If you haven’t read them already, go check out Brian’s great posts on pitch classification and cluster analysis. I particularly like his argument that our goal should be to “Identify all the pitches that can reasonably be classified as ‘different’ from one another”. Grouping observations into similar sets is a very common task in unsupervised settings where a response variable of interest is either unknown or doesn’t exist. There are a mind-boggling number of different methods for “learning” the “best” grouping and Brian has gracefully covered two of them (k-means and model based clustering). Here I’ll present yet another approach that relies on human perception and our ability to recognize patterns.
In Brian’s post on model based clustering, he visually inspected the fit of the model in the data space with mclust::coordProj()
. This approach is limited in the sense that we can only verify how the model fits onto a scatterplot(s) between two numeric variables, but the whole data space is a higher dimensional beast. Although we are visually limited to 3 dimensions, we can still dynamically explore projections of data in high dimensions in such a way that allows us to construct a mental model of the entire space (commonly referred to as touring multidimensional data).
There are many ways to tour multidimensional data. The most common are the grand tour and the guided tour. The grand tour interpolates through random projections of the data whereas the guided tour progresses through “interesting” projections. In this post, I’ll keep things simple, and we’ll take a grand tour of Mariano Rivera’s pitches from 2011.
data(pitches, package = "pitchRx")
rivera <- subset(pitches, pitcher_name == "Mariano Rivera")

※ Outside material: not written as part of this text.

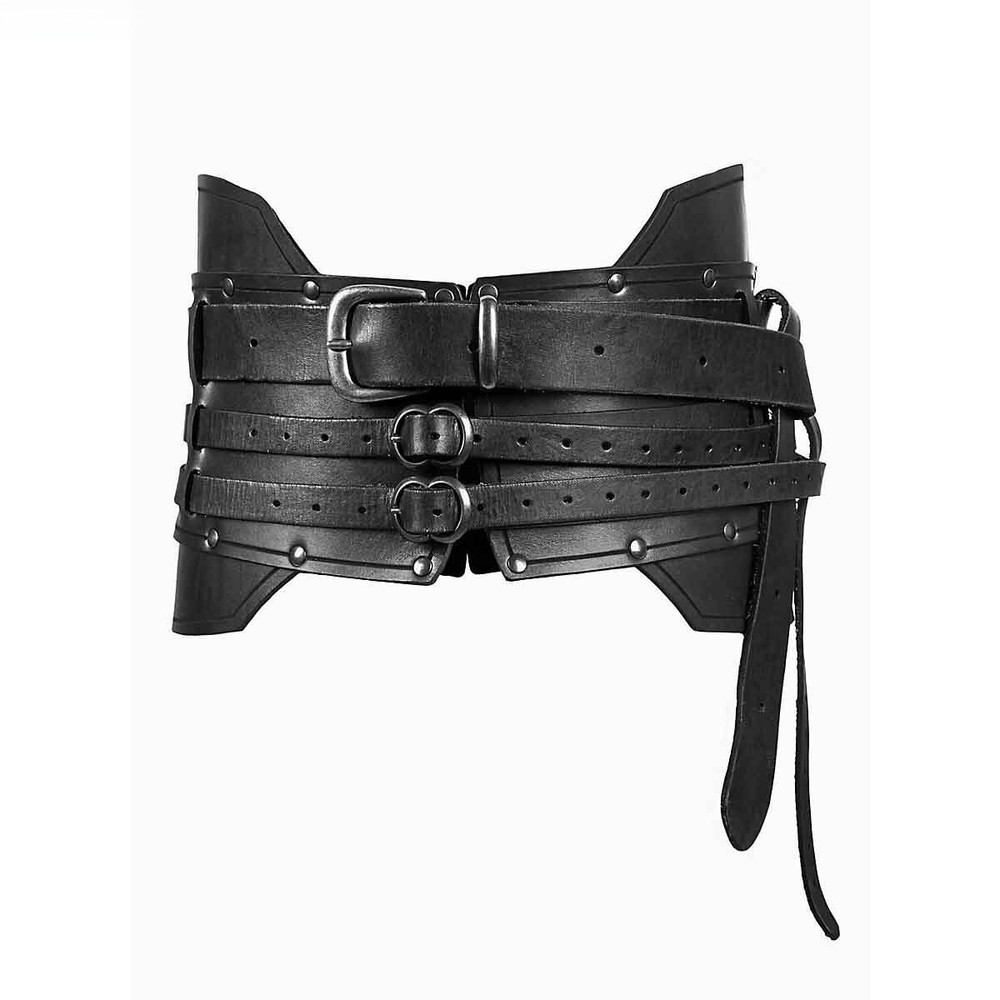 Medieval Leather Buckle Waist Belt SCA LARP Viking Renaissance Cosplay Costume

When I say a grand tour walks through random projections, I really mean that it goes through random linear combinations of all the variables that we give it (subject to some constraints). This is important since this implies that we can’t include categorical variables in the tour. Let’s use the same numeric variables that Brian did when examining Mark Buerhle’s pitches:
vars <- c("start_speed", "break_y", "break_angle", "break_length")
rivera_num <- rivera[names(rivera) %in% vars]
# ensure these variables are numeric
rivera_num[] <- lapply(rivera_num, as.numeric)
With the tourr package, it’s really easy to perform the grand tour (although, I’ve had problems running this code inside of RStudio, so you may want to run this outside of RStudio):
library(tourr)
animate(rivera_num, grand_tour(), display_xy())
We can actually mimic this functionality and make the results easier to share using animint. In fact, I’ve provided a convenience function for creating tours of PITCHf/x data called pitch_tour()
. By default, pitch_tour()
will use MLBAM’s pitch type classification for the point color.
devtools::source_gist("4673815529b7a1e6c1aa")
pitch_tour(rivera)
If you view the result here (best viewed with Chrome), you’ll notice that the projection begins with break_y
on the y-axis and start_speed
on the x-axis. There appears to be 4-5 very distinct groups/clusters of pitches along the break_y
axis (I’ll return to this shortly). As the tour progresses through the random projections, you should also notice that MLBAM’s classification is almost entirely determined by the break_angle
(that is, we could draw a line orthogonal to the break_angle
axis that separates red points from blue points):
library(ggplot2)
rivera$break_angle <- as.numeric(rivera$break_angle)
ggplot(rivera, aes(x = break_angle, fill = pitch_type)) +
geom_density(alpha = 0.2)
rivera$mlbam_type <- cut(rivera$break_angle, c(-100, 0, 100))
with(rivera, table(mlbam_type, pitch_type))
pitch_type
mlbam_type FC FF
(-100,0] 775 4
(0,100] 14 119
However, given what we’ve seen in the tour, splitting on break_y
is clearly better if our goal is to produce the most “distinct” grouping (that is, most separated from one another in the data space). In fact, a model based clustering mostly agrees with our visual intuition:
m <- mclust::Mclust(rivera_num)
rivera_num$classification <- m$classification
pitch_tour(rivera_num, color_by = "classification", out_dir = "rivera-mbc")
Of course, Rivera doesn’t have anywhere near 8 different pitch types. The point here is that the cluster analysis is fooled by the “discreteness” of break_y
. Rivera’s break_y
only varies from 23.6 to 24.0 and the precision of break_y
measurements only goes to the tenth place. Whenever the ratio of precision to range for a numerical variable is this large, it is bound to cause problems, so we should to remove it from consideration for Rivera. Interestingly, Mark Buerhle’s break_y
data is similar to Rivera’s, but the model based clustering approach doesn’t get fooled as badly. I suppose that is due to that fact that Mark has a higher number of actual types are more spread out in the data space.
mark <- read.csv("http://www.brianmmills.com/uploads/2/3/9/3/23936510/markb2013.csv")
table(mark$break_y)
23.6 23.7 23.8 23.9 24
24 521 2128 668 27
mark_num <- mark[names(mark) %in% vars]
mark_num[] <- lapply(mark_num, as.numeric)
m2 <- mclust::Mclust(mark_num)
mark_num$classification <- m2$classification
pitch_tour(mark_num, color_by = "classification", out_dir = "mark-mbc")